■ Activity
This task calls for the lines below starting at the one containing "A7 Pro / Urban Electric Commuter Bike" and ending at the one containing "บรอดคาสติ้ง ทาวเวอร์ ปักกิ่ง", repeated exactly with both ends kept and pictures left out.
[Start of section]
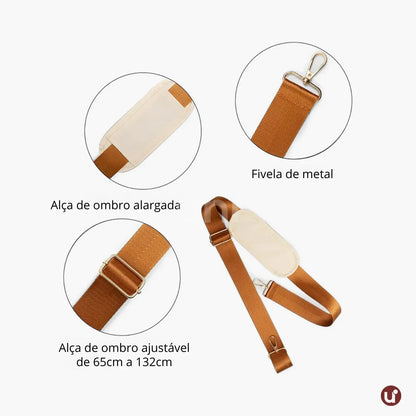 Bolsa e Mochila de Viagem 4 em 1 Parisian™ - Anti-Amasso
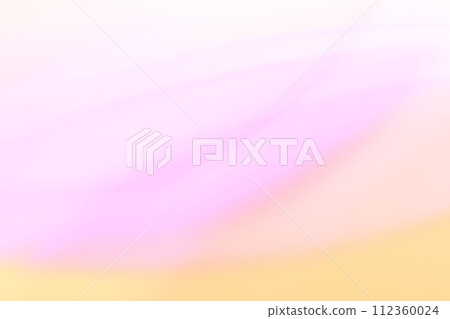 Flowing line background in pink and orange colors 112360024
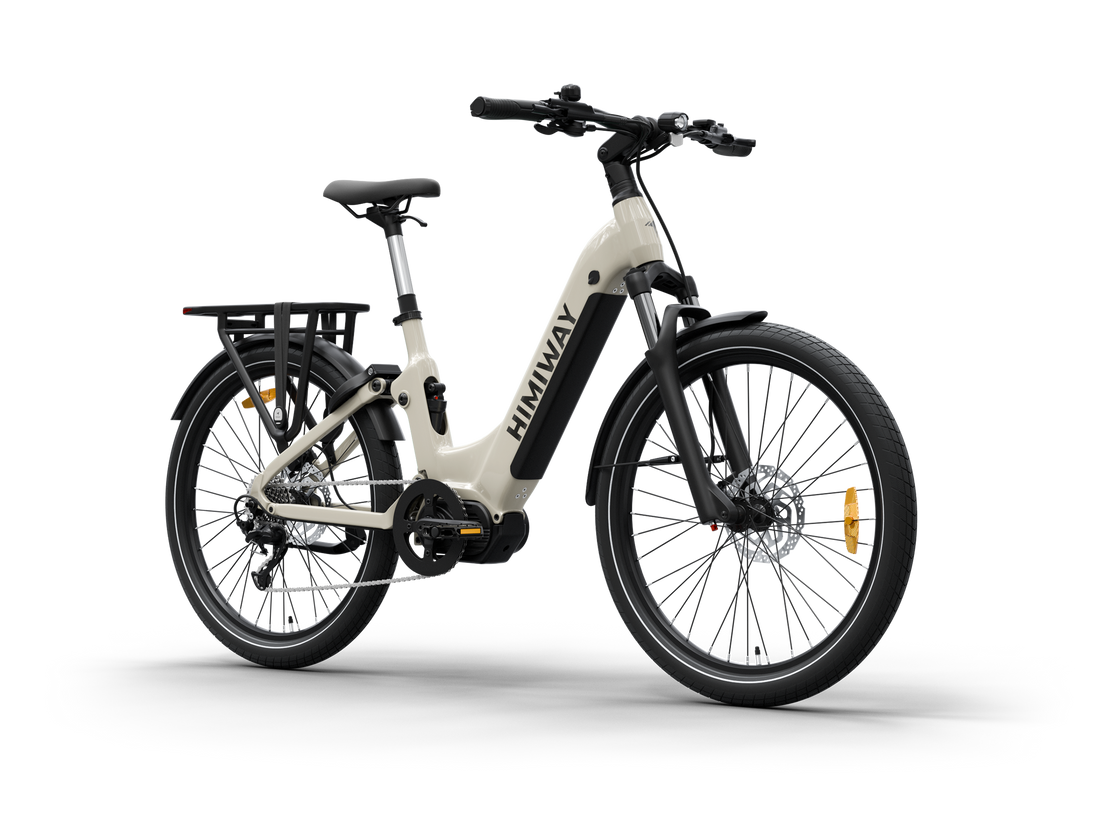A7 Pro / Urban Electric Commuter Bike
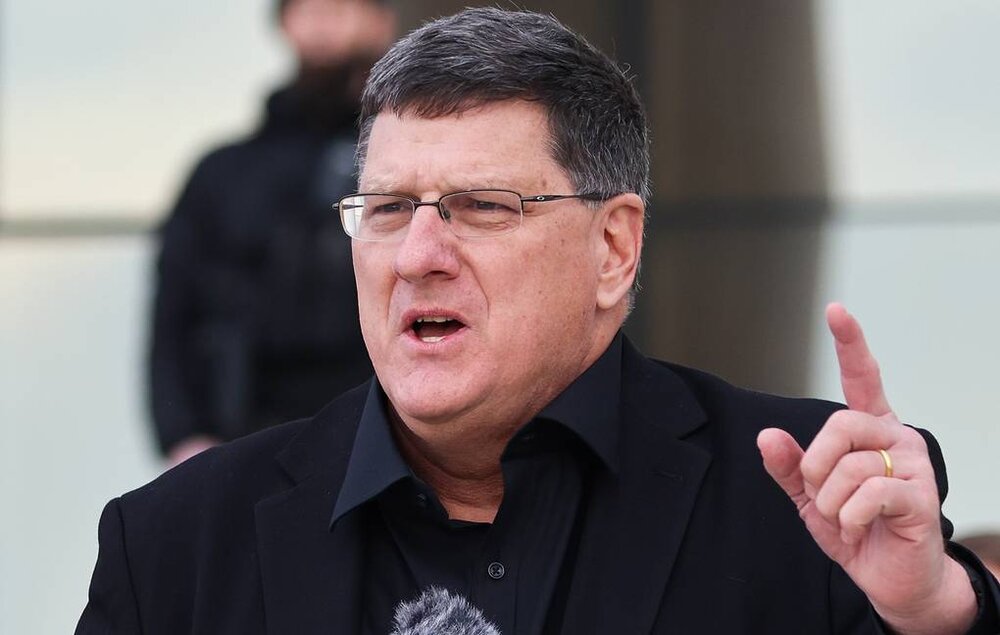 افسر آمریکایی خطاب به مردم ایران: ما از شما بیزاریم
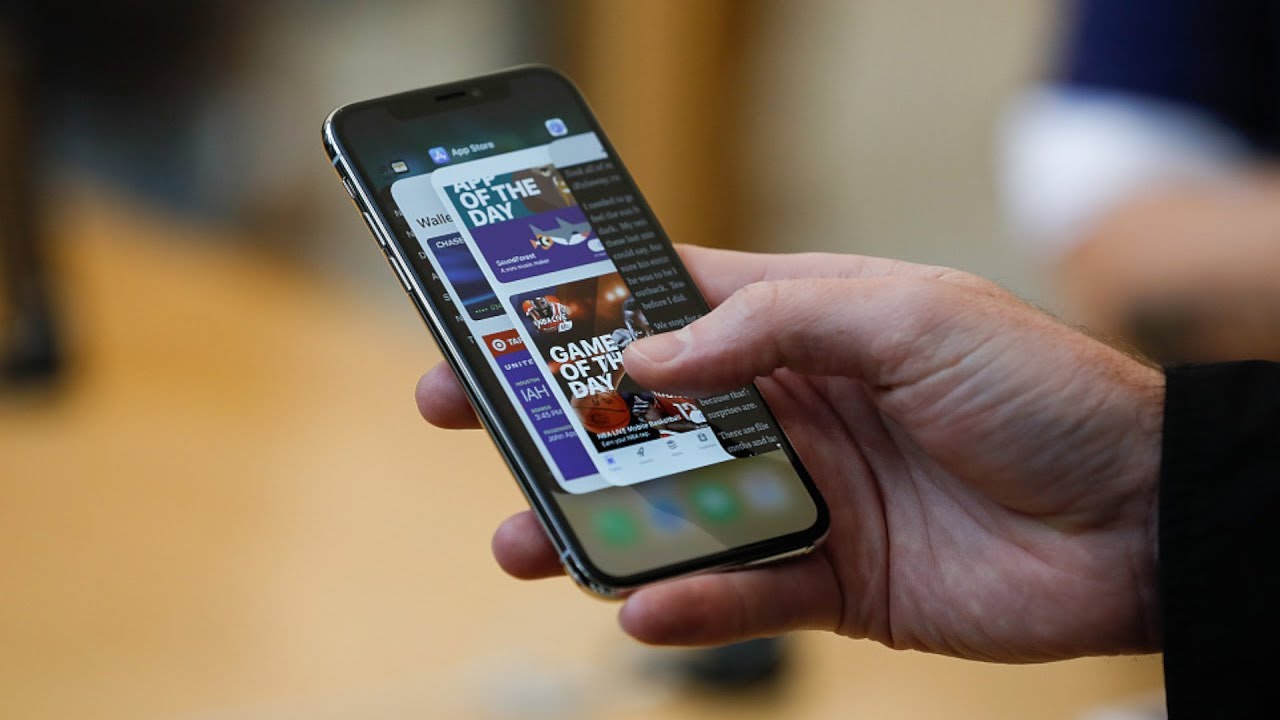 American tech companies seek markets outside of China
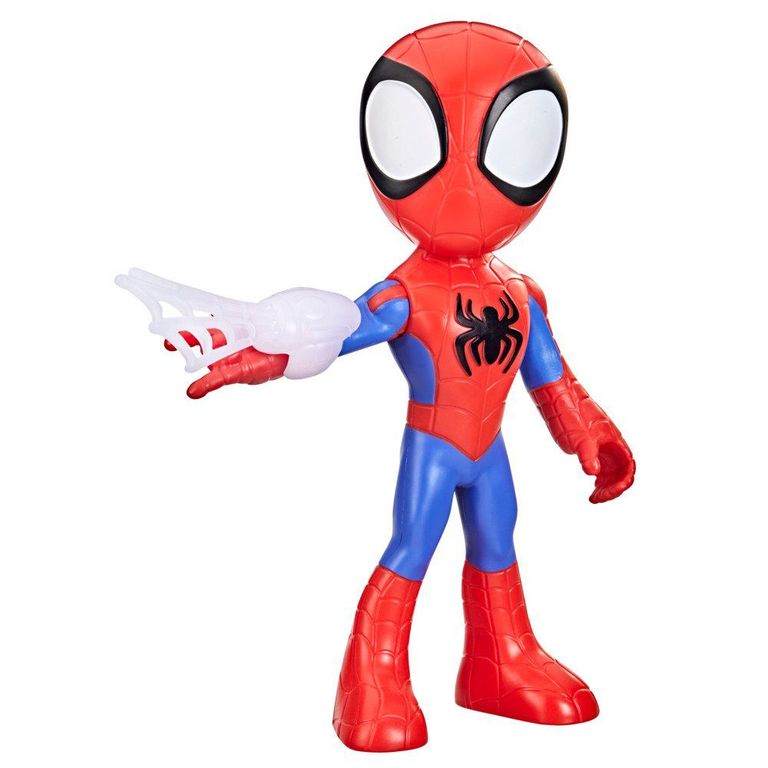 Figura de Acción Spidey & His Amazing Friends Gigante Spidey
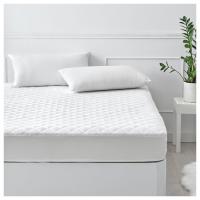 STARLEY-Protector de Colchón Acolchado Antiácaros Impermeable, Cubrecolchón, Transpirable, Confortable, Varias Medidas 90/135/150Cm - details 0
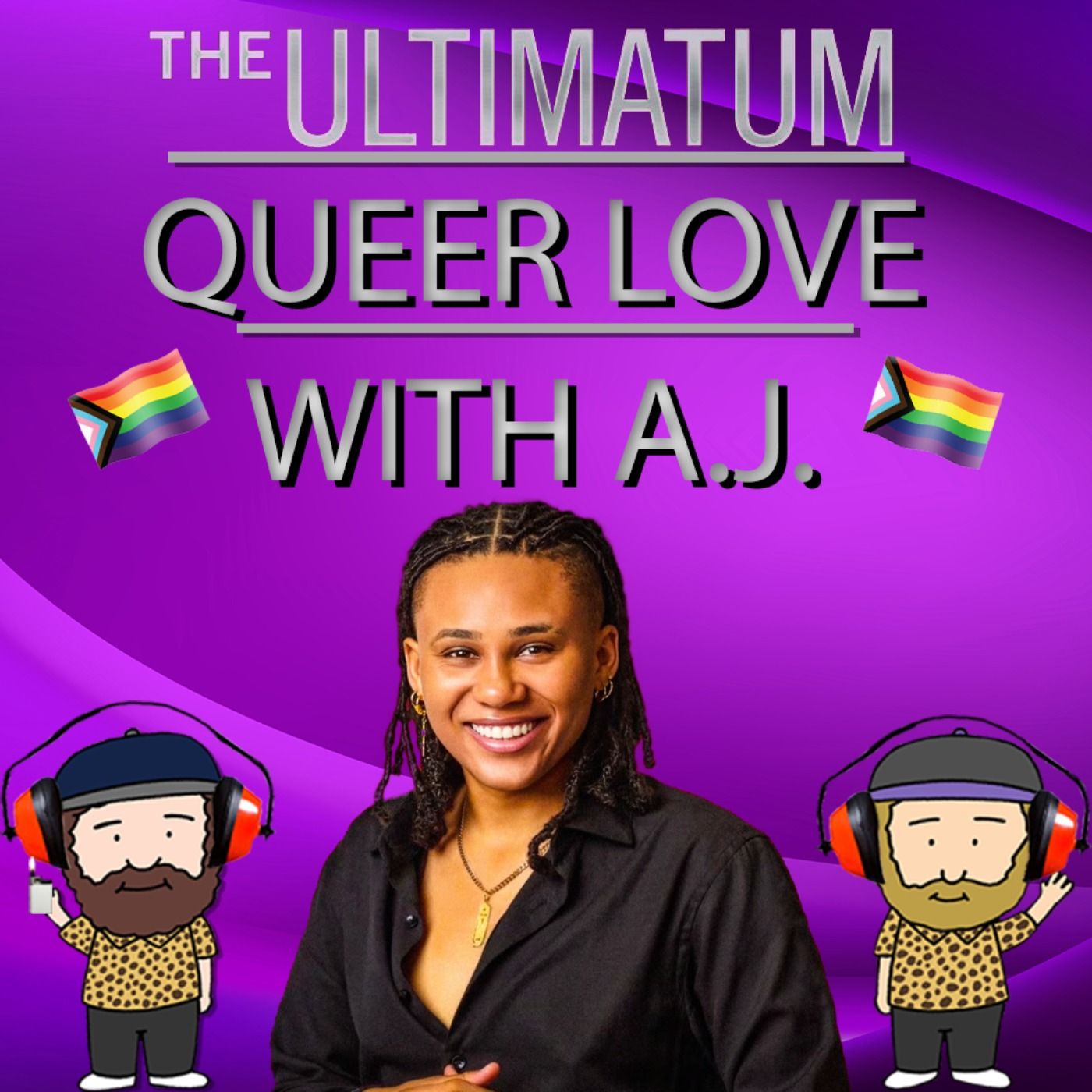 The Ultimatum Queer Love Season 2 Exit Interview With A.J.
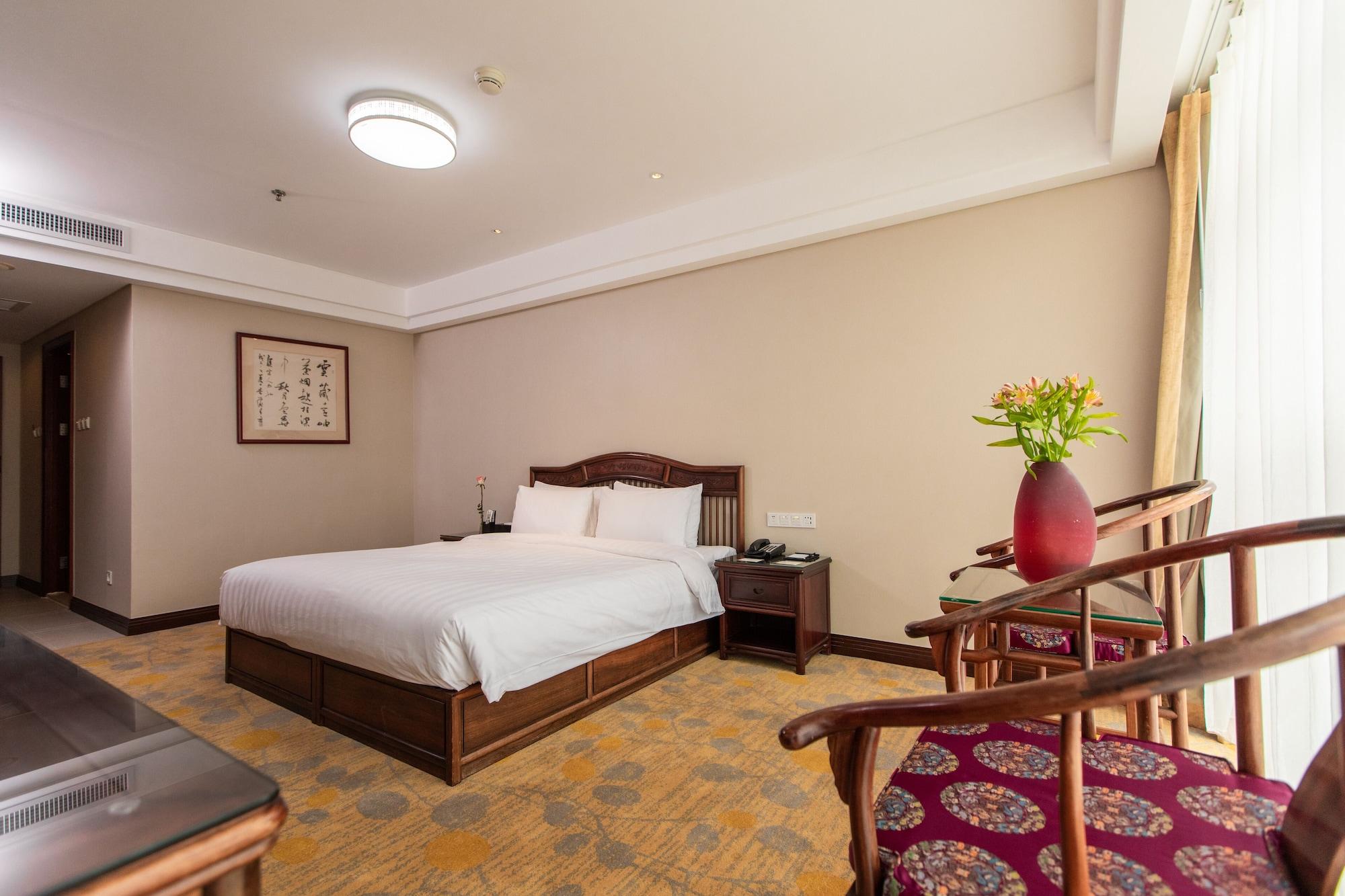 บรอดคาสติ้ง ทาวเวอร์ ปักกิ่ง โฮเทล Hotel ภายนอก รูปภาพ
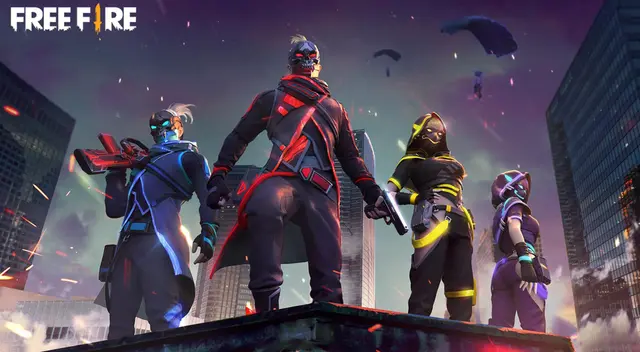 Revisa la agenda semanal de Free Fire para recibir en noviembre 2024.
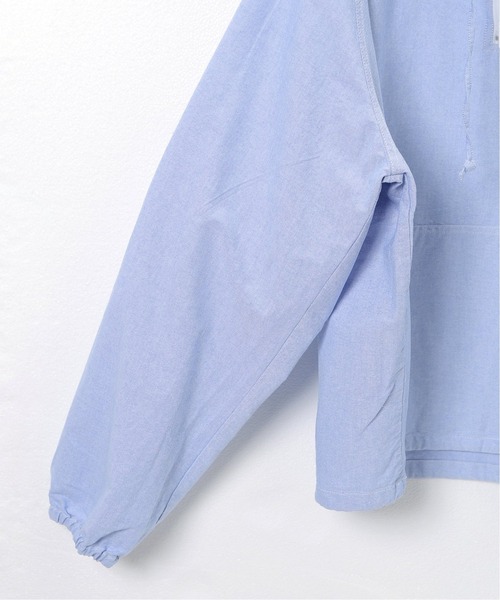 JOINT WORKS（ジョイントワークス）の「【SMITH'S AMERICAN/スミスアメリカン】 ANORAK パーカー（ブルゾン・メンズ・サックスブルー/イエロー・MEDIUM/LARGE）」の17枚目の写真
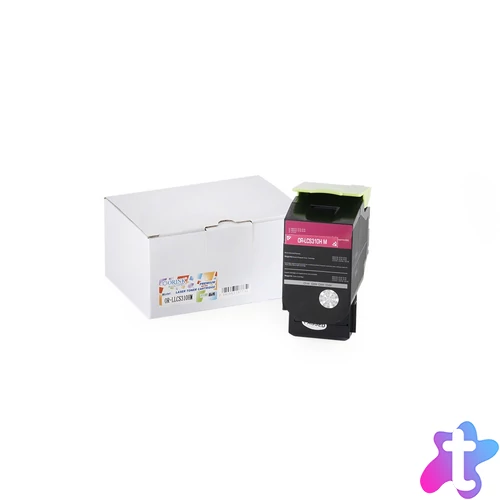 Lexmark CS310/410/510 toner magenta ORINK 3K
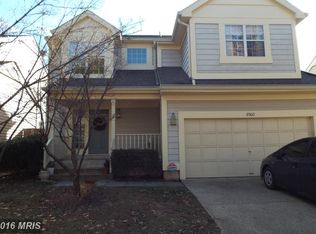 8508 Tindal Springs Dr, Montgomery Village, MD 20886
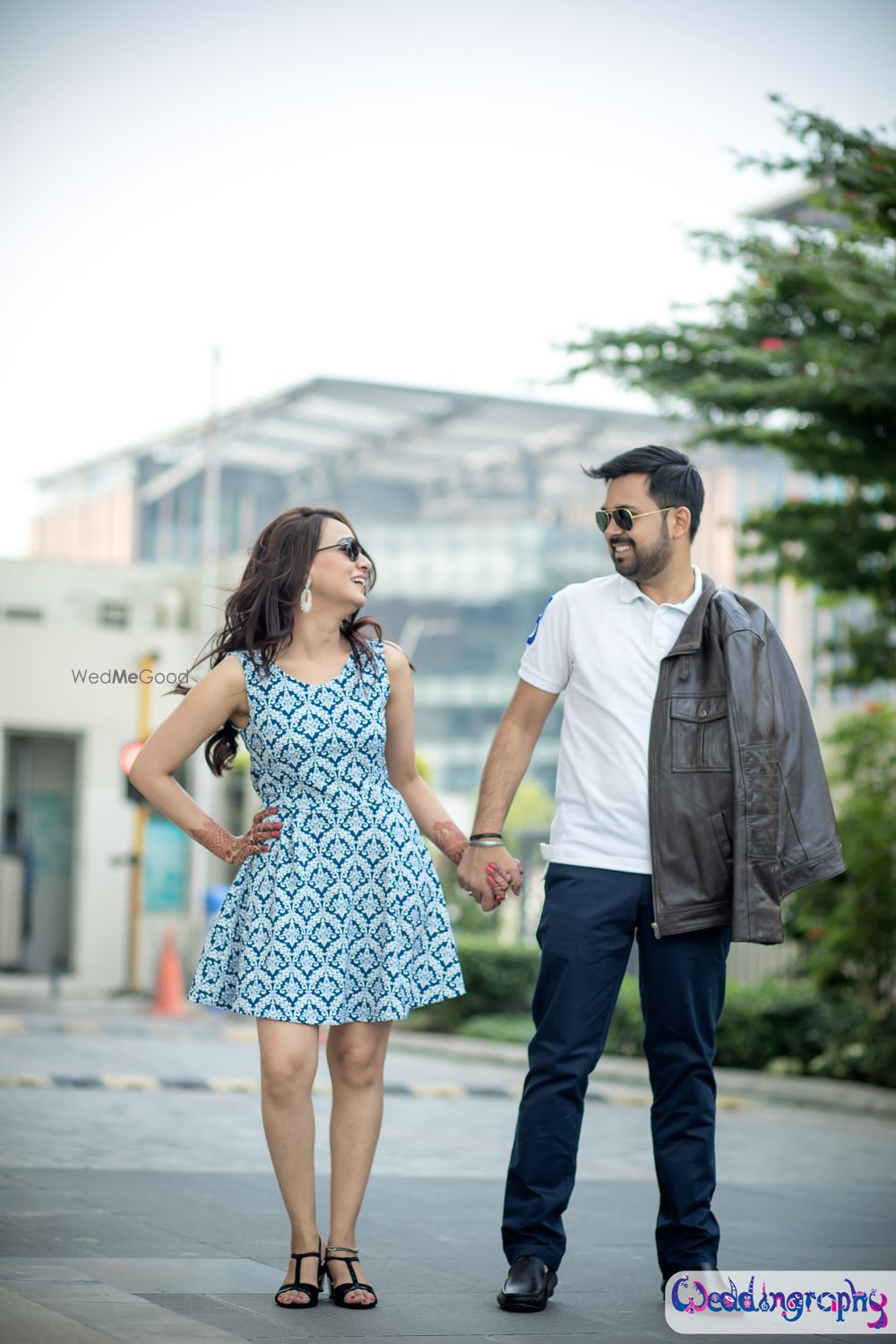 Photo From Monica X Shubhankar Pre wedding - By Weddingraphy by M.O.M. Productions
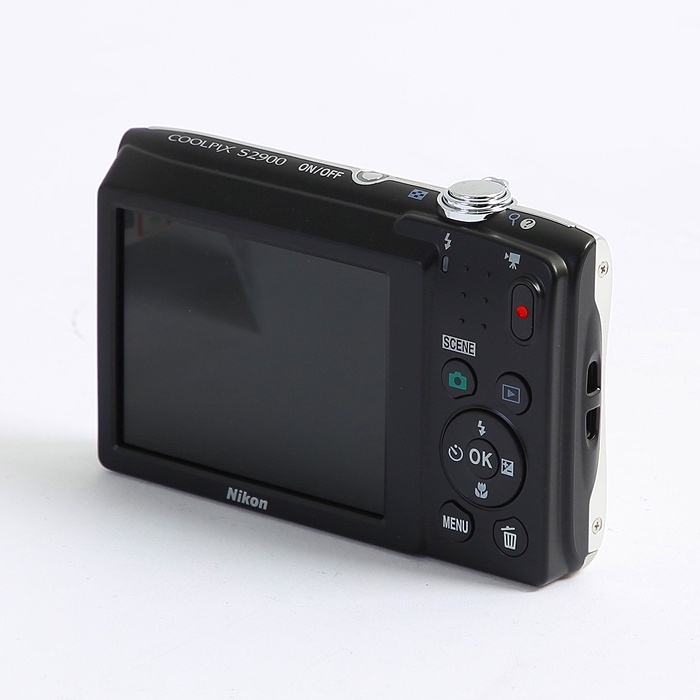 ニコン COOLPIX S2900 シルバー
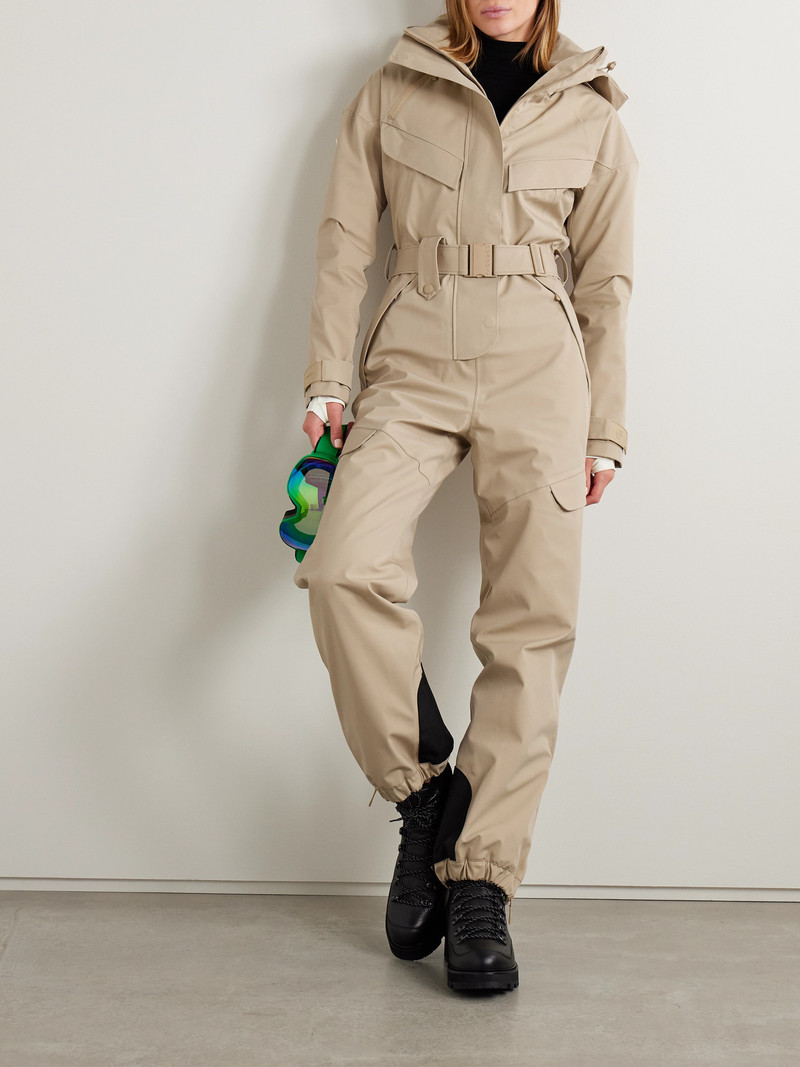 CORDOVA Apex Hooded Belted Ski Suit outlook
[End of section]
■ Completed task
A7 Pro / Urban Electric Commuter Bike
 افسر آمریکایی خطاب به مردم ایران: ما از شما بیزاریم
 American tech companies seek markets outside of China
 Figura de Acción Spidey & His Amazing Friends Gigante Spidey
 STARLEY-Protector de Colchón Acolchado Antiácaros Impermeable, Cubrecolchón, Transpirable, Confortable, Varias Medidas 90/135/150Cm - details 0
 The Ultimatum Queer Love Season 2 Exit Interview With A.J.
 บรอดคาสติ้ง ทาวเวอร์ ปักกิ่ง โฮเทล Hotel ภายนอก รูปภาพ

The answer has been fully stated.